◆ **THE TASK**: Reproduction of part of the material below, pictures omitted: copy exactly, and only, the lines starting with the one with "2020 Ram 1500" and going on through the one with "Building Photo - 1119 Lonesome Oak Drive".

◆ **EXTRACTED MATERIAL**:

== == ==

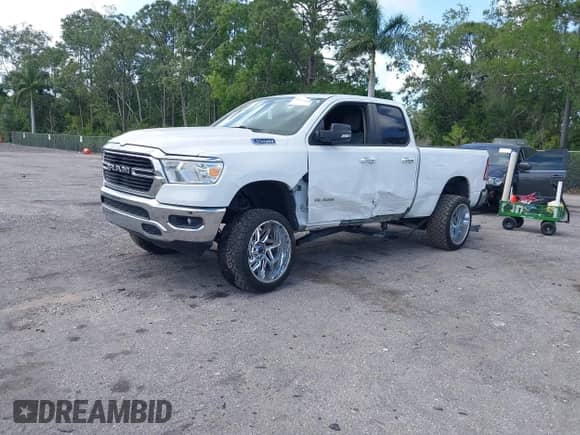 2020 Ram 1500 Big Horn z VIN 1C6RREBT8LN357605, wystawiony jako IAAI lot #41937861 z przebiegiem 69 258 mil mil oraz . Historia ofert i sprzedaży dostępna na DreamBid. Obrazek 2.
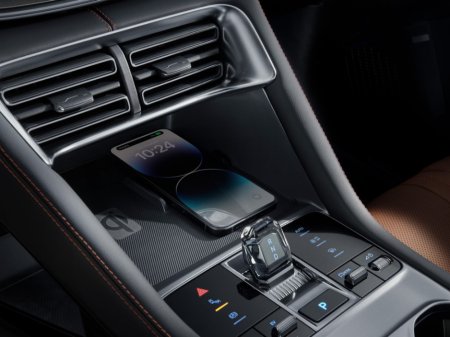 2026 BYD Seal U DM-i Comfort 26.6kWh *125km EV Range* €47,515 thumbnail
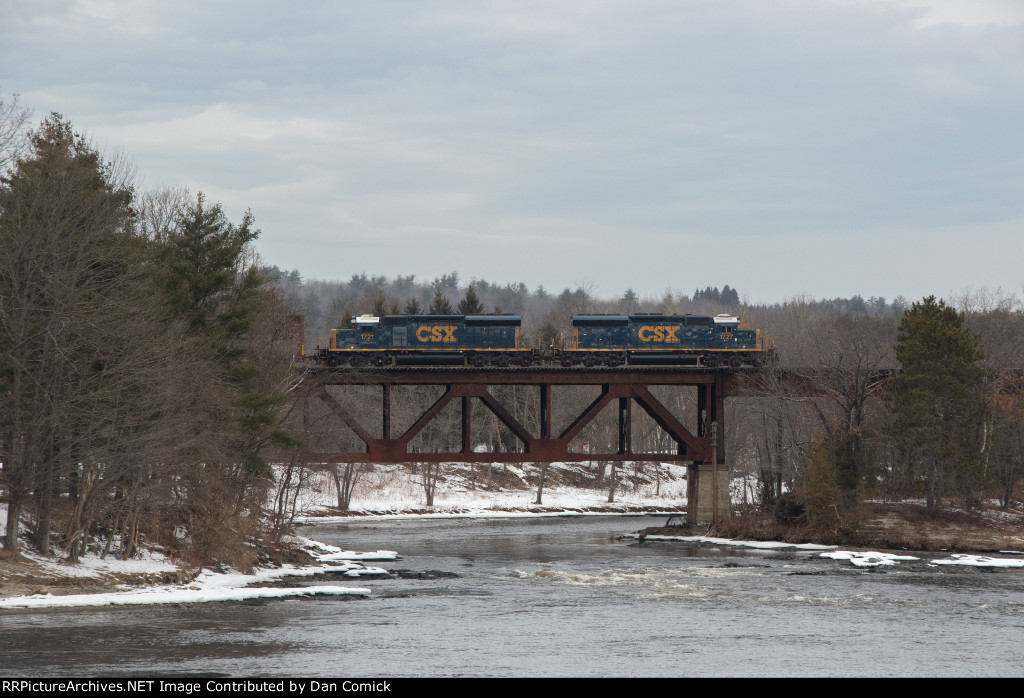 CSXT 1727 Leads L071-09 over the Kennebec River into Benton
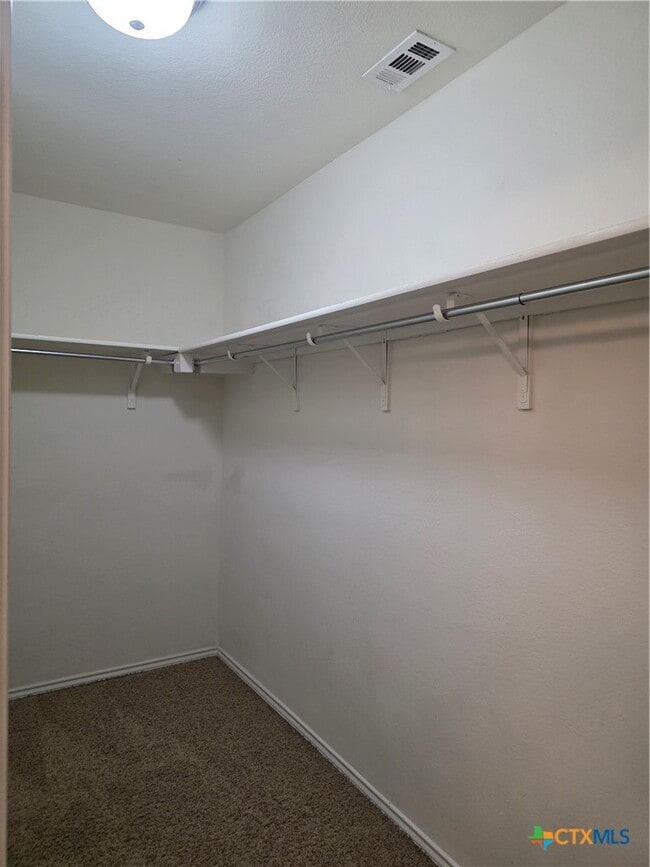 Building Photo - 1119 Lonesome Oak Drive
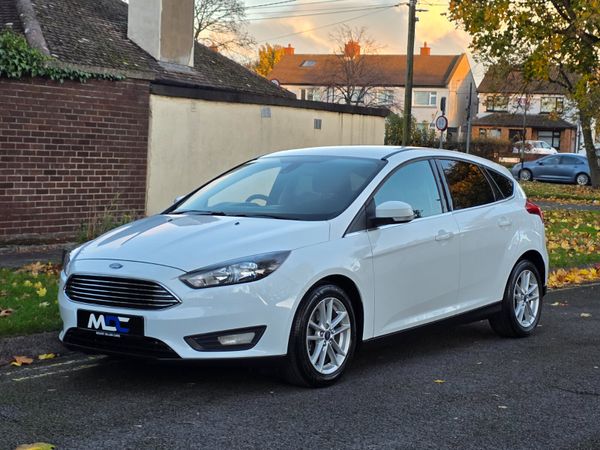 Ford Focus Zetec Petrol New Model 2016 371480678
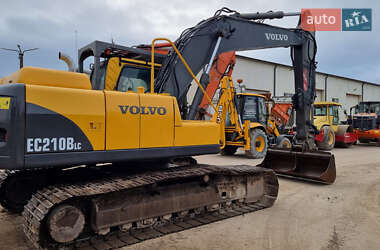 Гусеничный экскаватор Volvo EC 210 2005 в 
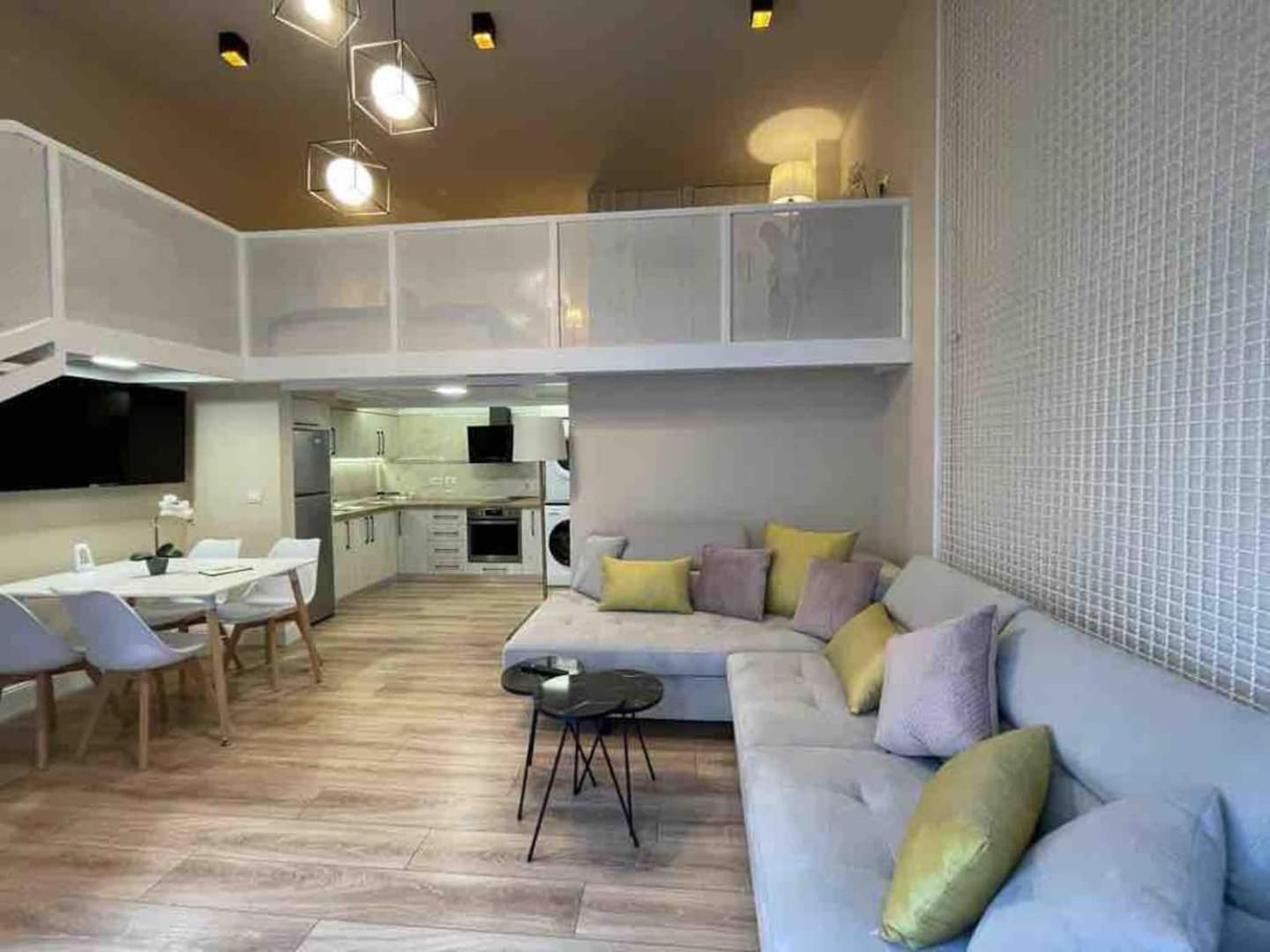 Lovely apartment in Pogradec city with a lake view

== == ==

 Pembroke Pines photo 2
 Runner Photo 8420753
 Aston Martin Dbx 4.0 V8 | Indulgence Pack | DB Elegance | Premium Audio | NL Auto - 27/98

== == ==

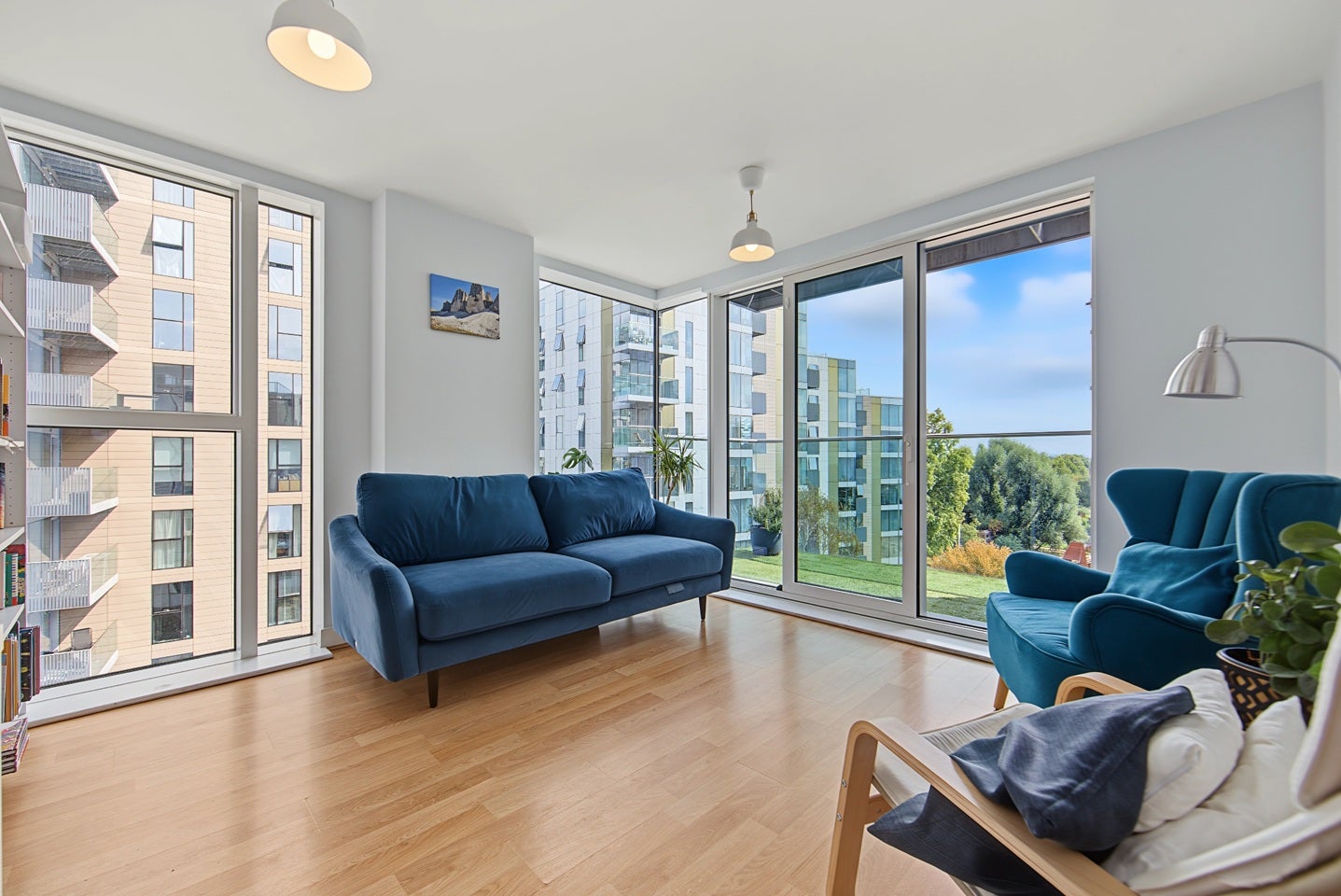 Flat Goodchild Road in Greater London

== == ==

◆ **ANSWER TO THIS EXERCISE**:
 2020 Ram 1500 Big Horn z VIN 1C6RREBT8LN357605, wystawiony jako IAAI lot #41937861 z przebiegiem 69 258 mil mil oraz . Historia ofert i sprzedaży dostępna na DreamBid. Obrazek 2.
 2026 BYD Seal U DM-i Comfort 26.6kWh *125km EV Range* €47,515 thumbnail
 CSXT 1727 Leads L071-09 over the Kennebec River into Benton
 Building Photo - 1119 Lonesome Oak Drive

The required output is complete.